> **Exercise**
Reproduce every entry exactly and leave its pictures out.

Items from a data source:
#####

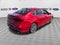 2022 Kia Forte GT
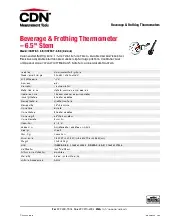 cdn-measurement-tools-irb220-f-6-5-thermometer-beverage-frothing-0-220f-1-1-2508152aye7i.pdf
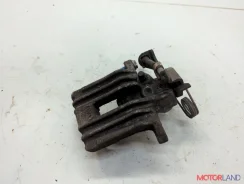 ������� Volkswagen Passat 5 2000-2005 22103701, ����� ������ 8E0615423 ����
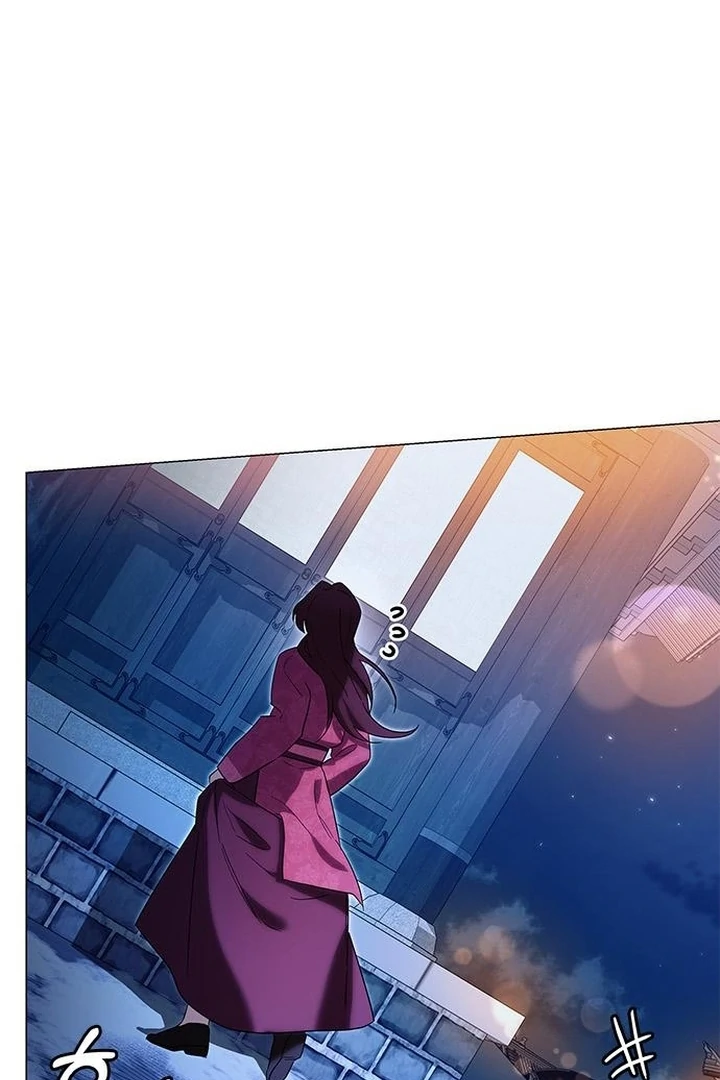 To you, who kneel before me [+19] [Luna Toons] - Chapter 09 - S1 manhwa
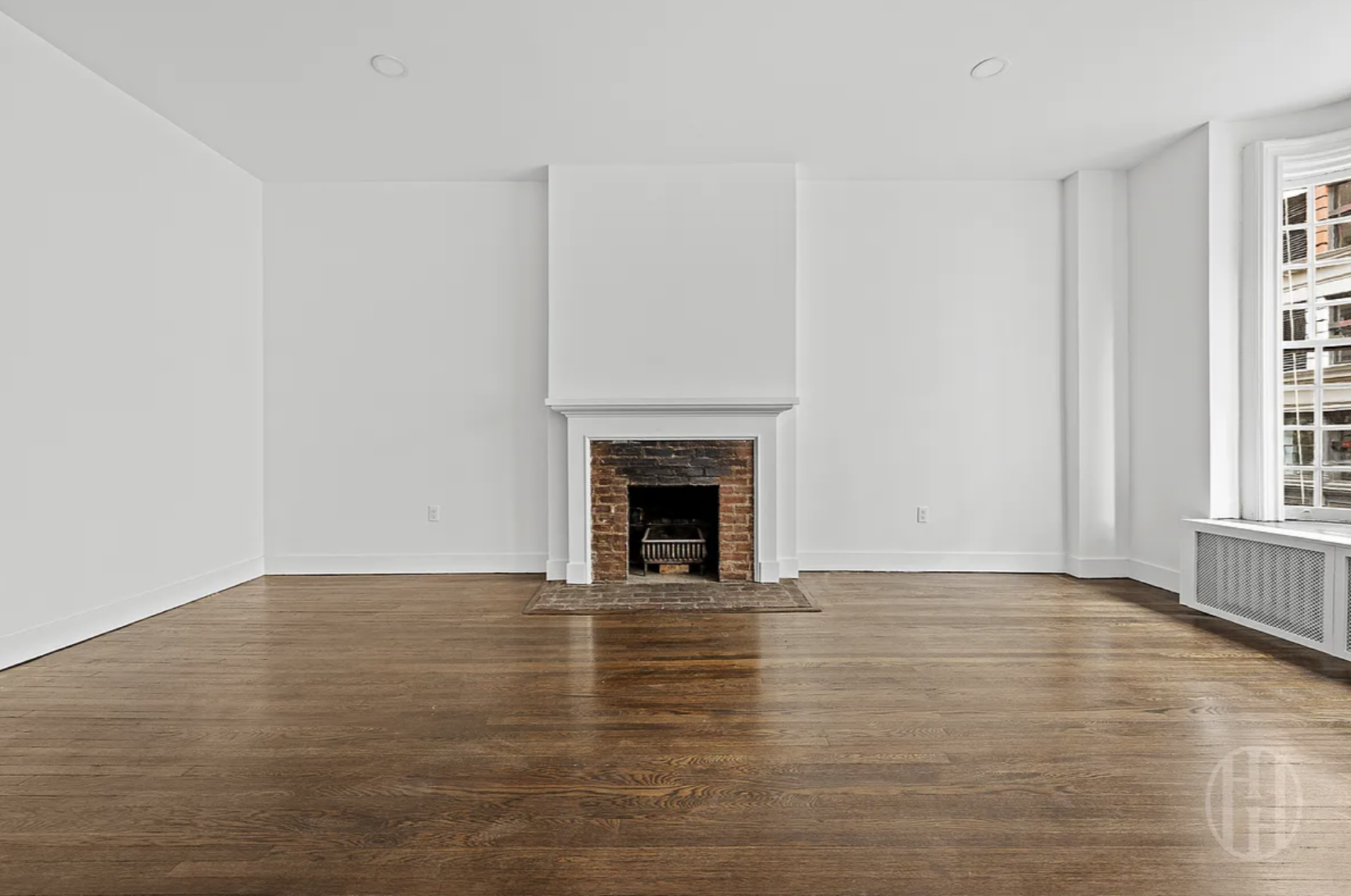 Screenshot 2025-11-17 at 2.23.46 PM.png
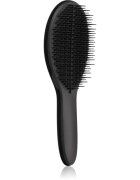 Tangle Teezer The Ultimate Styler Jet Black Четка за коса за всички видове коса 1 бр.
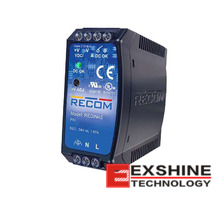 REDIN45-12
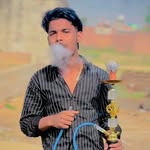 Zaid Kahn Mewati - @zaid_khan_mewati295 - Instagram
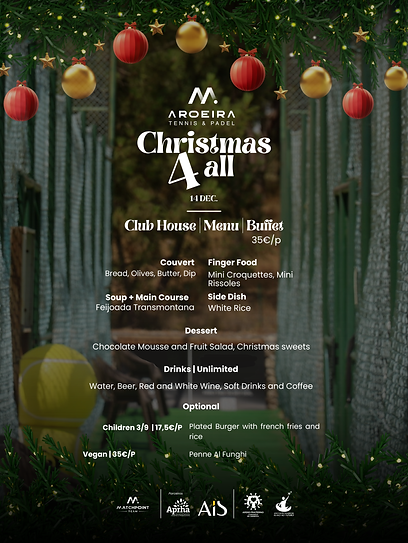 Matchpointeam_Christmas 4 all_Menu_ENG.png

#####

> **Task answer**
 2022 Kia Forte GT
 cdn-measurement-tools-irb220-f-6-5-thermometer-beverage-frothing-0-220f-1-1-2508152aye7i.pdf
 ������� Volkswagen Passat 5 2000-2005 22103701, ����� ������ 8E0615423 ����
 To you, who kneel before me [+19] [Luna Toons] - Chapter 09 - S1 manhwa
 Screenshot 2025-11-17 at 2.23.46 PM.png
 Tangle Teezer The Ultimate Styler Jet Black Четка за коса за всички видове коса 1 бр.
 REDIN45-12
 Zaid Kahn Mewati - @zaid_khan_mewati295 - Instagram
 Matchpointeam_Christmas 4 all_Menu_ENG.png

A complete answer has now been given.